Trading on the forex (fx) markets is far from easy. When mistakes are made, it can lead to losses. Once traders find themselves in a downward spiral, it can be very difficult to turn things around and improve their performance within the market. However, following a few simple steps could help maximise their chances of success.
Trade only what you can afford
The most important rule of trading on the forex market is only trade with money that you can afford. Trading with money you don’t have will inevitably see you making poor trading decisions, leading with your emotions rather than your head. However, if you do not have a huge amount of money to trade, the forex market can work well. Micro and mini accounts, where you are able to trade small sums, are available through many brokers. Taking the time to learn good money management will help you build up funds and increase trading confidence.
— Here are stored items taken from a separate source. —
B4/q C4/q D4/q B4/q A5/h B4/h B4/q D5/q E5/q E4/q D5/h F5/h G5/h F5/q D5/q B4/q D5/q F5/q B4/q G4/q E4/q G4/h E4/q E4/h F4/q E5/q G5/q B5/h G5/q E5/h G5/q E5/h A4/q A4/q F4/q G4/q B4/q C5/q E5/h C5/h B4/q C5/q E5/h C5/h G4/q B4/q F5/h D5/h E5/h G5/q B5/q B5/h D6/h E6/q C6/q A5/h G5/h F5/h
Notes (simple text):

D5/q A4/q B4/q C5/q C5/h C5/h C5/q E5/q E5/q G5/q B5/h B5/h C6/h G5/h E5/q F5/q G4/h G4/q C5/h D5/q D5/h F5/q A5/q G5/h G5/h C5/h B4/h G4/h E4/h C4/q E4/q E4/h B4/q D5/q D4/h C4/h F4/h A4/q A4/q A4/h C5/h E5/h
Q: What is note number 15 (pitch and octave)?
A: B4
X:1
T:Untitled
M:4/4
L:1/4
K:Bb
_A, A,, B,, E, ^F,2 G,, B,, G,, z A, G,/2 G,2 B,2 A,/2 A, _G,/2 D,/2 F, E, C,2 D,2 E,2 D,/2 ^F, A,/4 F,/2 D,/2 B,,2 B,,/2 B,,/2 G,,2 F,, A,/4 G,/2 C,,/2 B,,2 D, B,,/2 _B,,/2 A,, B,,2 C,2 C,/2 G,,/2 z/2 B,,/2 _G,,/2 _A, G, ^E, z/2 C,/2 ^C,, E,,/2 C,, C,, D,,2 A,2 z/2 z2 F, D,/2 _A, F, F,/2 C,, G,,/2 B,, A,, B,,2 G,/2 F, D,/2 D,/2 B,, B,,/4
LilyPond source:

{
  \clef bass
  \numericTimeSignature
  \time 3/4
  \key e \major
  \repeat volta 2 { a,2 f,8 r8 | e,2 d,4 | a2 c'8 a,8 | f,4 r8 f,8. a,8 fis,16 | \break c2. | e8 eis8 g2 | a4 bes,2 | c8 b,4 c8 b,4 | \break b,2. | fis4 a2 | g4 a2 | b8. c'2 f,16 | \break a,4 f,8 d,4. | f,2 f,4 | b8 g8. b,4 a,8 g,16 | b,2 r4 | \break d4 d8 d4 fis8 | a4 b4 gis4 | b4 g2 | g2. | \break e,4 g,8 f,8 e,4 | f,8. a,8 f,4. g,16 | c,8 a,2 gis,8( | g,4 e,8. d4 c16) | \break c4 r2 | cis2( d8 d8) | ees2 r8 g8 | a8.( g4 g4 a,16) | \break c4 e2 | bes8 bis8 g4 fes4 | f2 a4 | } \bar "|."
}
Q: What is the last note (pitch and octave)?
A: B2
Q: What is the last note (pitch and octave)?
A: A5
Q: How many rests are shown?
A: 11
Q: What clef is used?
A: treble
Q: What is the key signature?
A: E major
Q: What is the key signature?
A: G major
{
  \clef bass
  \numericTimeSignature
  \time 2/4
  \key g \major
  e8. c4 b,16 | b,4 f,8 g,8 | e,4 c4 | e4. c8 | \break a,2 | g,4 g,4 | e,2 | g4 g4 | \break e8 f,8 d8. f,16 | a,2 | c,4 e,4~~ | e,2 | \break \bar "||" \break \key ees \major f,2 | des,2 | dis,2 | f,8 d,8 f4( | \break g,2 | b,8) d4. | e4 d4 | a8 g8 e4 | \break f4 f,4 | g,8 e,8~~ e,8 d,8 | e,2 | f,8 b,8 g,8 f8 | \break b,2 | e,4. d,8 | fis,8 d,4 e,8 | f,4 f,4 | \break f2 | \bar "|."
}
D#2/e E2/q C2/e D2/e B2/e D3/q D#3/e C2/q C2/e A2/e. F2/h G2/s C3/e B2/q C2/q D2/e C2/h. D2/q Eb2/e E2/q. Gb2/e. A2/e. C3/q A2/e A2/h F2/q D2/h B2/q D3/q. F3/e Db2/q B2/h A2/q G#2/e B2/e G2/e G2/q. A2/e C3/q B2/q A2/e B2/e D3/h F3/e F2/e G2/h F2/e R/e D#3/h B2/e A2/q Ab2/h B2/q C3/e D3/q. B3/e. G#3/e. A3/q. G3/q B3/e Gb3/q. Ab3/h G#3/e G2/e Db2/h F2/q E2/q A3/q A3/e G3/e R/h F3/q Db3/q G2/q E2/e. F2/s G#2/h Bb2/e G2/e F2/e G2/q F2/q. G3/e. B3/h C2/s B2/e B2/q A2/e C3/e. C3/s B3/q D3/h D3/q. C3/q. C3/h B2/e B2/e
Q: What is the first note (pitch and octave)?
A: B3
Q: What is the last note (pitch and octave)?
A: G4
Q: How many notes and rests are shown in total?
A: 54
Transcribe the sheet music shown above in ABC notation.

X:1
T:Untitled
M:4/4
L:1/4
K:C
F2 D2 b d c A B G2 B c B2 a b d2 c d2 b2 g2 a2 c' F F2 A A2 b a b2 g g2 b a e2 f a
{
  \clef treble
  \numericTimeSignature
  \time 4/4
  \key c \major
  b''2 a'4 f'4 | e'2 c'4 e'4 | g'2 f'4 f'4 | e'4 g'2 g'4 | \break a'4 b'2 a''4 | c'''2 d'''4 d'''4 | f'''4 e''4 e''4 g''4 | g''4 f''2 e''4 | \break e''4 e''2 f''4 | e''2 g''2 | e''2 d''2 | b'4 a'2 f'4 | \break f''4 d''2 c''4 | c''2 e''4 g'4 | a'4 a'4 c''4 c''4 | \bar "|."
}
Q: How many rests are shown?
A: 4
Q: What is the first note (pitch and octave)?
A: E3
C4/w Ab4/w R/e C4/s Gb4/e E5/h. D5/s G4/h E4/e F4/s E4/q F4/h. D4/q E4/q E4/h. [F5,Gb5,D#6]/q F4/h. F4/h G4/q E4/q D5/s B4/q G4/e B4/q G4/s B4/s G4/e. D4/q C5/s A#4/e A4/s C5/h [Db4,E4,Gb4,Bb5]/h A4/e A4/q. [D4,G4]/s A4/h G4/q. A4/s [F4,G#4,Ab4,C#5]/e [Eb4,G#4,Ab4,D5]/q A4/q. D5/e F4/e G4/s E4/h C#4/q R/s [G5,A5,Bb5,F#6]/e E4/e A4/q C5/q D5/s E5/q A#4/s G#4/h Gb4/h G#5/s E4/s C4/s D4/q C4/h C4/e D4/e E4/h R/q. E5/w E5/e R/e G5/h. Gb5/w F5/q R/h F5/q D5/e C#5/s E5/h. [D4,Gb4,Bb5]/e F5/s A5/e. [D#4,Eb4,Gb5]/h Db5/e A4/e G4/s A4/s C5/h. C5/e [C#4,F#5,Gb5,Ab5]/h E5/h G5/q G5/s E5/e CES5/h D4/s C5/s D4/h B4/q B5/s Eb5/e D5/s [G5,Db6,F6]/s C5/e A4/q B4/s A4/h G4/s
Choose a trading method and stick with it
Very often, traders enter the forex market hoping to earn a lot of money, very quickly. In reality, it simply doesn’t work like that and anyone hoping to achieve this is certain to fail very quickly. The only serious way to make money with foreign exchange is to establish and perfect a long-term method of operating. Under this system, gradual and continued success becomes possible. One example of an effective trading method is Price Action trading. This is an easy method to learn, requiring traders to read raw prices. There is a high probability that Price Action patterns repeat themselves and as such traders can often anticipate future movement. Once you have chosen a method that feels right alongside your trading style, stick with it. Only by committing to a method and then spending time perfecting it, can a trader begin to see positive results. Above all, do not move from method to method and expect to achieve any long-term success.
Use Higher Time Frames
Understandably many forex traders believe that the lower time frame, the more trading signals and therefore the higher the chance of making a trade and money. To a certain extent this is true, but it also means more opportunity for false signals and a higher risk of failure. Therefore, the best place for novice traders to learn how the markets work is the higher time frame charts. For example, using a daily chart, which has progressed through all trading sessions worldwide provides the trader with far more information than an hourly one. A 24-hour candle will tell a much more comprehensive story than an hourly one and false signals will be easier to spot.